Winners typically have between 90 days and one year to claim prizes, depending on the jurisdiction in which the ticket was purchased. Large prize claims generally require winners to present the original physical ticket, complete identity verification, and elect between the annuity and lump-sum payment options before a formal deadline.

What Comes Next as the Jackpot Grows

With the jackpot rolling over to an estimated $45 million, the next drawing will attract renewed ticket purchases. Lottery participation tends to increase non-linearly as jackpots climb — casual players who ignore drawings at lower prize levels enter once headlines register a compelling number. This surge in ticket volume simultaneously increases the prize pool and, paradoxically, raises the statistical likelihood that multiple winners could share the jackpot if it is eventually claimed.

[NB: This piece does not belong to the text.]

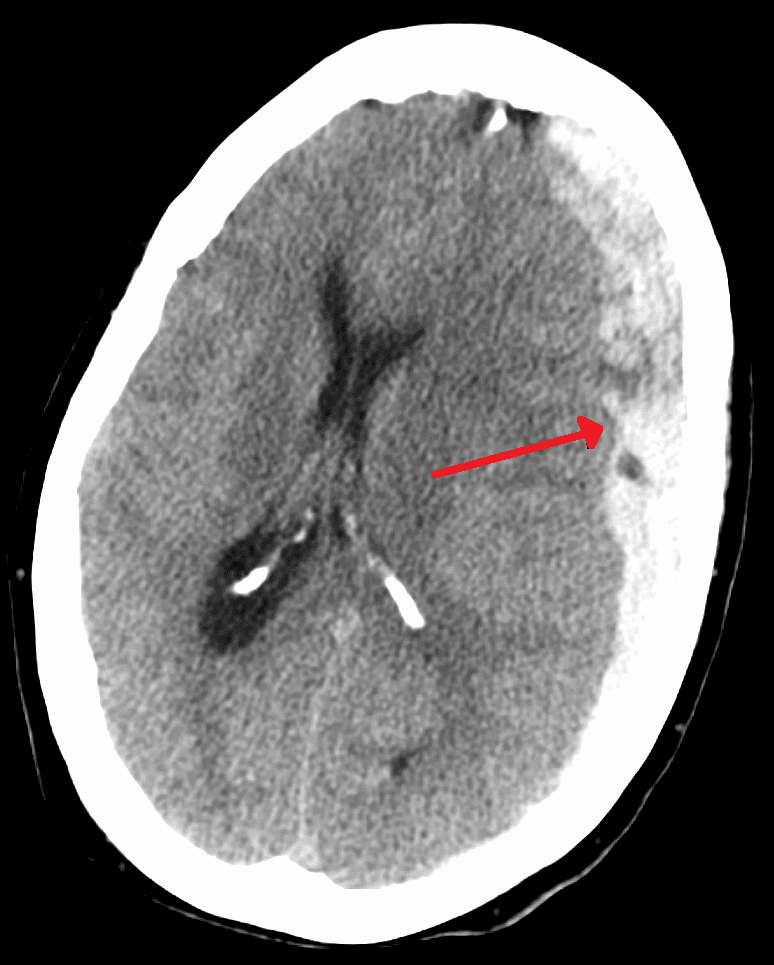 Acute Subdural Haematoma SimpleMed Acute Subdural Haematoma SimpleMed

The April 13 draw confirms a pattern seen repeatedly across major lotteries: prize distribution is robust at the lower tiers regardless of whether the jackpot is won. The more than 300,000 tickets that earned at least a $4 prize represent real, if modest, returns for participants. For the single second-tier winner — holding a ticket worth $1 million — the draw was as consequential as any jackpot claim at a lower-prize threshold. The grand prize, for now, waits.